For audits of non-public companies, the concepts are now in AU-C Section 320, “Materiality in Planning and Performing an Audit.” For public company audits, governed by the Public Company Accounting Oversight Board (PCAOB), the relevant standard is AS 2105, “Consideration of Materiality in Planning and Performing an Audit.” This article explains the concepts of audit risk and materiality that remain central to modern financial statement audits.
Audit risk is the risk that an auditor expresses an inappropriate audit opinion when the financial statements are materially misstated. In simpler terms, it is the chance that an auditor gives a “clean” opinion on financial statements that contain significant errors. Auditors cannot obtain absolute assurance, only reasonable assurance, because of the nature of financial reporting, audit procedures, and the need for an audit to be conducted within a reasonable time and at a reasonable cost. To manage this, auditors break audit risk down into three components.

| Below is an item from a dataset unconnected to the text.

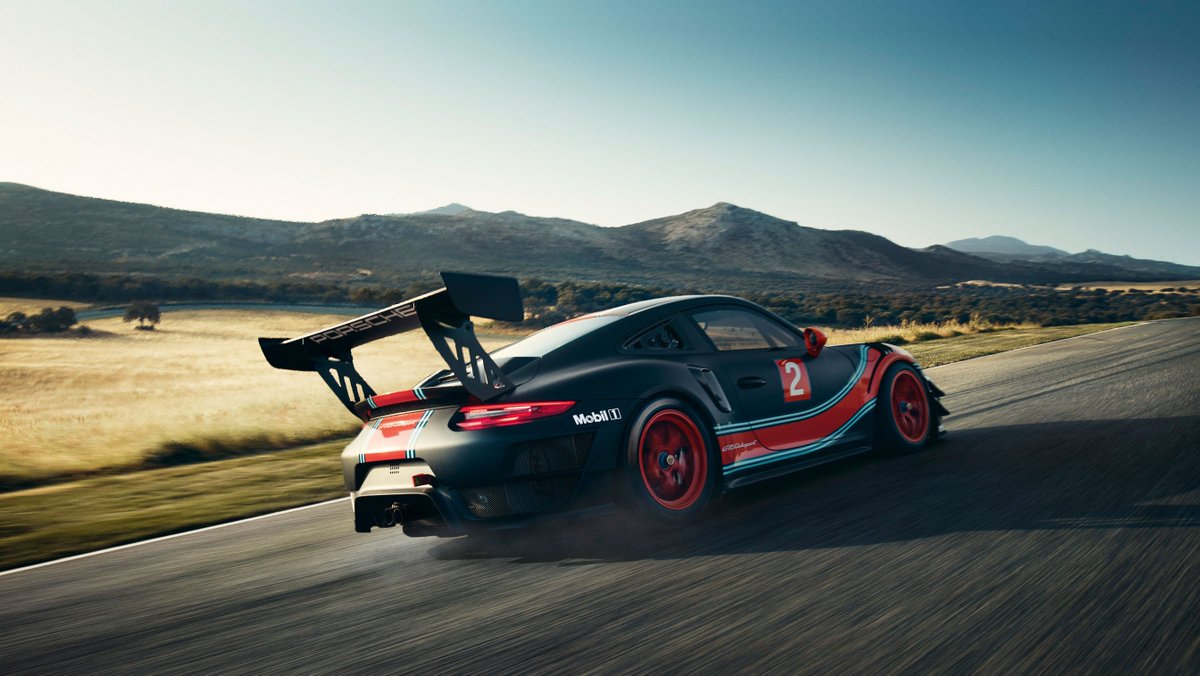 911andCo's tweet photo. 🏁😍 PORSCHE 911 GT2 RS CLUBSPORT : TOUTES LES INFOS 😍🏁 !!!
700ch pour 1380kg... soit un rapport poids-puissance de 1,98kg/ch 🏁
🏁 Une édition limitée à 200 exemplaires et exclusivement destinée au circuit 🏁 
@Porsche @porschefrance 
https://t.co/Apgjafn3Az https://t.co/9wVjAGwSvY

These three components are linked in the audit risk model: Audit Risk = Inherent Risk x Control Risk x Detection Risk. This model is not a rigid mathematical formula but a framework auditors use to understand the relationship between the risks and to plan their audit approach.
Materiality is a concept of relative significance. Information is considered material if its omission or misstatement could reasonably be expected to influence the economic decisions of users of the financial statements. A fact is considered material if there is a substantial likelihood that it would be viewed by a reasonable investor as having significantly altered the total mix of available information. This judgment involves both quantitative and qualitative considerations.
When determining materiality, auditors consider quantitative factors by establishing a benchmark as a starting point, such as a percentage of a key financial figure. Common benchmarks include pre-tax income, total revenues, or total assets. For example, an auditor might use 5% of pre-tax income as an initial quantitative threshold, choosing the benchmark most relevant to the company’s financial statement users.
Materiality is not solely a numerical exercise, as qualitative factors can render a quantitatively small misstatement material. A misstatement might be qualitatively material if it:
Auditors use different levels of materiality. The first is materiality for the financial statements as a whole, or planning materiality, which is the overall threshold. From this, the auditor determines performance materiality, set at a lower amount, often in the range of 50% to 75% of overall materiality. Performance materiality is used when designing audit procedures for individual accounts to reduce the probability that the sum of all uncorrected and undetected misstatements exceeds the overall materiality level.
The concepts of audit risk and materiality are linked and form the basis of the audit plan. This involves a dynamic relationship between the auditor’s assessment of risk and the determination of materiality. The two have an inverse relationship that shapes the amount and type of audit work performed to reduce overall audit risk to an acceptably low level.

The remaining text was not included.